Ähnlich wie Wind- und Sonnenenergie ist auch Wasserkraft stark von den natürlichen Gegebenheiten abhängig. Andererseits begründen sich Kern- und Kohlekraftwerke sowie Erdgas und -öl auf Bodenschätzen, die auch nur dort gefördert werden können, wo sie vorkommen. Wasserkraft kann da besonders effektiv genutzt werden, wo die topografischen bzw. geografischen Verhältnisse und die Niederschlagsmenge dies begünstigen. Das heißt konkret: Wo im Jahresmittel viel Wasser aus höheren Lagen in tiefere fließt, wird besonders viel Lageenergie abgegeben und kann durch kinetische Energie nutzbar gemacht werden.

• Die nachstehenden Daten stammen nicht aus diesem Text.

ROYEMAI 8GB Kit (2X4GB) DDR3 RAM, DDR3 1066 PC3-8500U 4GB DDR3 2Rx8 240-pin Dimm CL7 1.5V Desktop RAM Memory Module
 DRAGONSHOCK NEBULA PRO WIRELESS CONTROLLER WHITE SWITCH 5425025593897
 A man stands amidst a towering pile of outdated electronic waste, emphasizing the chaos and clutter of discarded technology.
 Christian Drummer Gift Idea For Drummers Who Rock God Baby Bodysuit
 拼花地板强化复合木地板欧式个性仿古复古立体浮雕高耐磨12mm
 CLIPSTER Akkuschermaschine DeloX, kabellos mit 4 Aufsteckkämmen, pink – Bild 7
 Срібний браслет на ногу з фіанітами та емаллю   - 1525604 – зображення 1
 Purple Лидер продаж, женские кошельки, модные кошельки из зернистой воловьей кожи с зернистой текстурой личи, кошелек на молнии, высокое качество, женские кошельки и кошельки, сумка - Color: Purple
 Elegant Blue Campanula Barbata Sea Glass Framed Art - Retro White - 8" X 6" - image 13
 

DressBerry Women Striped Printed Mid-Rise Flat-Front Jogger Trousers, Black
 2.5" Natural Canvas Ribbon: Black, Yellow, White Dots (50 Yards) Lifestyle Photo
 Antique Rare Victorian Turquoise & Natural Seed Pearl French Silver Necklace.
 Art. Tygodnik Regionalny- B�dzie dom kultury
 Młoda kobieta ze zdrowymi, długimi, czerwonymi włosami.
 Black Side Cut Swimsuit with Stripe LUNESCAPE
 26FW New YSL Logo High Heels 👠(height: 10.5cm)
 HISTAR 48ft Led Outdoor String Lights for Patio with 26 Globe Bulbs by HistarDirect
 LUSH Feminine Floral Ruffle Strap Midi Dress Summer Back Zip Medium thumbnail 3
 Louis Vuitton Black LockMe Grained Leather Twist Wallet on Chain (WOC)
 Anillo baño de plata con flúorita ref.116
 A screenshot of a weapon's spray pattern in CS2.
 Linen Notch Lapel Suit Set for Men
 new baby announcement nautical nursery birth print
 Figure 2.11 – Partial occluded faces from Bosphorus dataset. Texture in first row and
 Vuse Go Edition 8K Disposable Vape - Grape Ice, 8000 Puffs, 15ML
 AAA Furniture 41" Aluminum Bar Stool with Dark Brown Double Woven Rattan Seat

Aktuell ist China mit jährlich 1.322 Terawattstunden internationaler Spitzenreiter bei der Stromerzeugung aus Wasserkraft. Allerdings hat das Land auch 1,4 Milliarden Einwohner, weshalb der relative Anteil von Wasserkraft an der gesamten Stromproduktion nur 16,99 Prozent beträgt. In Norwegen sind es hingegen über 90 Prozent der nationalen Stromproduktion. Auch Schweden und Island gehören zu den Vorreitern. Wenig überraschend nutzen in Mitteleuropa Österreich und die Schweiz verhältnismäßig viel Wasserkraft.

Ganz anders sieht es hingegen in Deutschland aus, doch das ändert sich. Die Bundesrepublik setzt dabei vermehrt auf moderne Kleinwasserkraftwerke, arbeitet also dezentral – gerade im Vergleich etwa zu China mit dem größten Wasserkraftwerk der Welt als Teil der Drei-Schluchten-Talsperre. Für Wasserkraftwerke bietet sich in Deutschland natürlich vor allem die Alpenregion an, aber nicht ausschließlich.

Wasserkraftwerke können auch zu einem echten Standortvorteil für Unternehmen werden, wenn sie in Gegenden bauen, wo besonders viel Wasserkraft ins Stromnetz eingespeist wird und Elektrizität dadurch günstiger ist. So hielt es etwa das schwedische Unternehmen Northvolt mit seiner 2021 eröffneten Fabrik, die Batterien für E-Autos herstellen soll. Der Norden Schwedens ist dafür in der Tat eine bessere Lage als etwa ein Trinkwassergebiet in Grünheide bei Berlin.

Fazit Vorteile der Wasserkraft als Stromerzeuger überwiegt die Nachteile

Wie alle Formen der Stromerzeugung ist auch Wasserkraft nicht frei von Nachteilen. Doch gerade im Vergleich zu fossilen Brennstoffen, Atomkraft und fluktuierenden erneuerbaren Energien überwiegen die Vorteile bei Weitem. Wasserkraft ist regenerativ und kann in fast jedem Land der Erde zur Stromerzeugung genutzt werden, wobei sich jedoch gebirgige Länder mit hohem Niederschlag besonders gut eignen.